§ Exercise aim
Although the records contain pictures, none belong in the copy: restate word for word only the lines from the one with "Ford Fiesta 1.6 Titanium At" through the one with "Стеганое пальто Bottega Veneta", both included.

Segment Start: Records

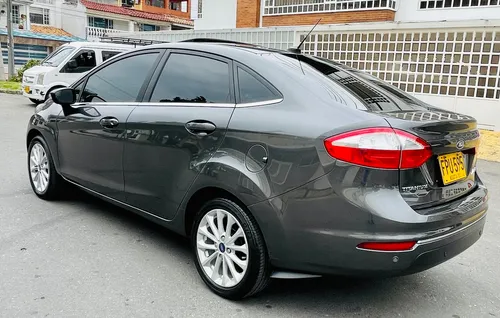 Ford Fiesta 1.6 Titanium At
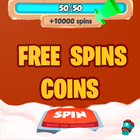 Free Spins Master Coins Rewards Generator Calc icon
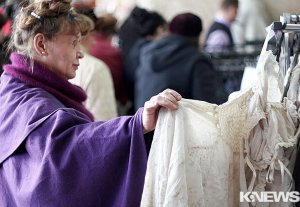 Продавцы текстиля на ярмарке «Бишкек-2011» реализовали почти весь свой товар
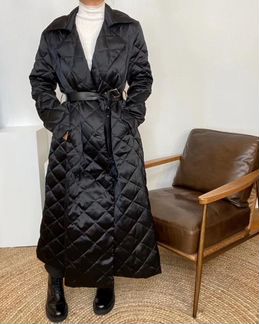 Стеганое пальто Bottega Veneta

Segment End: Records
Segment Start: Records

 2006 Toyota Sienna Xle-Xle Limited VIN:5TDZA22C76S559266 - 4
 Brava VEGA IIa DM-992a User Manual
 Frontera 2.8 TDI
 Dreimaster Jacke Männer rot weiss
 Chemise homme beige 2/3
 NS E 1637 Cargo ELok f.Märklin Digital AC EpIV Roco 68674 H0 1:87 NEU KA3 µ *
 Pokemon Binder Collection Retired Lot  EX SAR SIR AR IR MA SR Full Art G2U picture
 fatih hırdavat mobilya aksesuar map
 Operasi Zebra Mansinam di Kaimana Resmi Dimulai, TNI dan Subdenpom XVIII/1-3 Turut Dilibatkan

Segment End: Records
Segment Start: Records

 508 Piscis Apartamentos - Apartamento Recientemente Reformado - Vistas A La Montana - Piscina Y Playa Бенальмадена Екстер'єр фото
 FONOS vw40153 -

Segment End: Records

§ Exercise answer
 Ford Fiesta 1.6 Titanium At
 Free Spins Master Coins Rewards Generator Calc icon
 Продавцы текстиля на ярмарке «Бишкек-2011» реализовали почти весь свой товар
 Стеганое пальто Bottega Veneta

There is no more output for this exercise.